Geneva, Switzerland – OpenAI, a major player in the AI industry with billions of dollars in funding, faces a significant hurdle: understanding how its AI technology truly operates. Despite its advancements, OpenAI doesn’t actually understand how its AI works. During the International Telecommunication Union AI for Good Global Summit last week, OpenAI CEO Sam Altman admitted the company’s struggle with AI interpretability. When asked by Observer about the inner workings of OpenAI’s large language models (LLMs), Altman responded, “We certainly have not solved interpretability,” highlighting the ongoing challenge in tracing AI outputs back to their origins.

The Atlantic CEO Nicholas Thompson further pressed Altman on whether the lack of understanding should prevent the release of more powerful models. Altman’s response was less than reassuring, stating that their AI systems are “generally considered safe and robust.”

This exchange underscores a critical issue in AI development: researchers find it challenging to explain the unpredictable “thinking” behind AI responses. While AI systems can provide answers effortlessly, tracking the exact data and decisions leading to those responses remains difficult.

Limited Transparency

Despite its name, OpenAI has been notably secretive about the data used to train its models. A UK government-commissioned report from 75 experts recently stated that AI developers “understand little about how their systems operate,” and that current scientific knowledge is “very limited.”

Other AI companies are also attempting to demystify their models. For example, OpenAI’s competitor, Anthropic, has started mapping the artificial neurons in its LLMs, beginning with a model named Claude Sonnet. In a blog post, Anthropic emphasized its commitment to interpretability research, stating, “Understanding models deeply will help us make them safer.”

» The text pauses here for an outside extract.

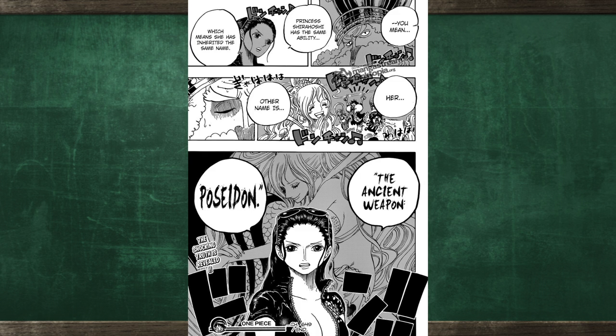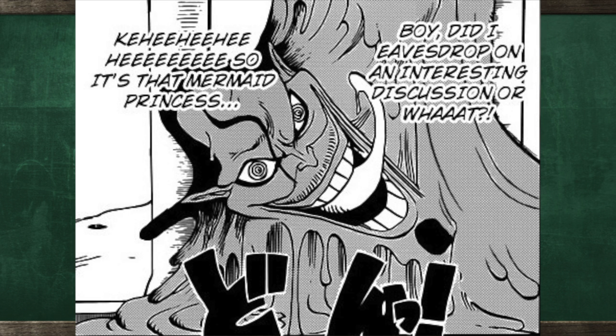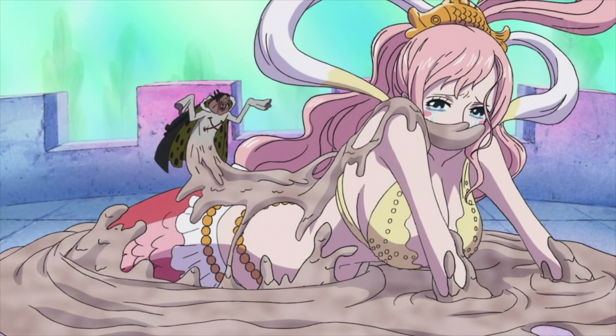However, when the conversation took place, they were not alone as Caribou overheard every single thing they said. He is fully aware that Shirahoshi is an ancient weapon and even attempted to kidnap her later on.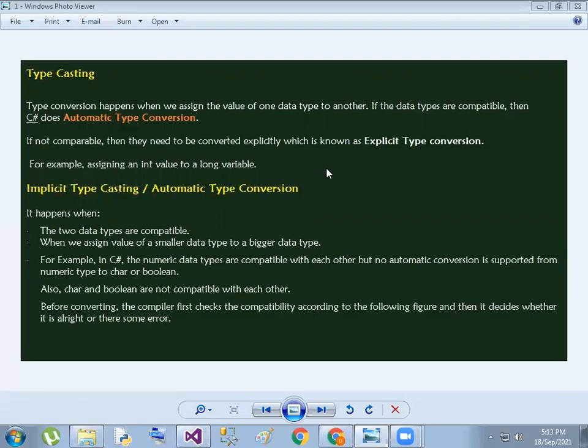Hello and welcome to this session. We are going to talk about typecasting. Typecasting is one type of data that we can convert. In this session we have two types: the first one is implicit typecasting and conversion, and the second is explicit type conversion.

However, Anthropic acknowledges that this is just the beginning. They note that their current techniques can only identify a small subset of the concepts learned by the model and that understanding the full scope would be too costly. They also need to link these features to the circuits they involve and prove that these safety-relevant features can enhance model safety.

The Stakes of AI Safety

Recently, Altman dissolved OpenAI’s “Superalignment” team, which focused on controlling superintelligent AI, and replaced it with a “safety and security committee” that he now leads. This move, alongside his recent comments, suggests that the company is still far from managing superintelligent AI effectively.

Challenges in Understanding AI

The difficulty lies in tracing AI decisions back to the data they were trained on. AI systems can provide responses that seem almost magical, but understanding the exact data and logic behind those responses is often impossible. This is problematic because it makes it hard to ensure that AI systems are making decisions for the right reasons, which is crucial for safety and reliability.

The difficulty lies in tracing AI decisions back to the data they were trained on. AI systems can provide responses that seem almost magical, but understanding the exact data and logic behind those responses is often impossible. This is problematic because it makes it hard to ensure that AI systems are making decisions for the right reasons, which is crucial for safety and reliability.

The issue of AI interpretability isn’t just a technical challenge; it has profound implications for AI safety and the responsible development of more advanced models. During the summit, Altman was questioned about whether this lack of understanding should delay the release of more powerful models. His response, suggesting that their systems are “generally considered safe and robust,” was not entirely convincing. It highlights a fundamental tension between advancing.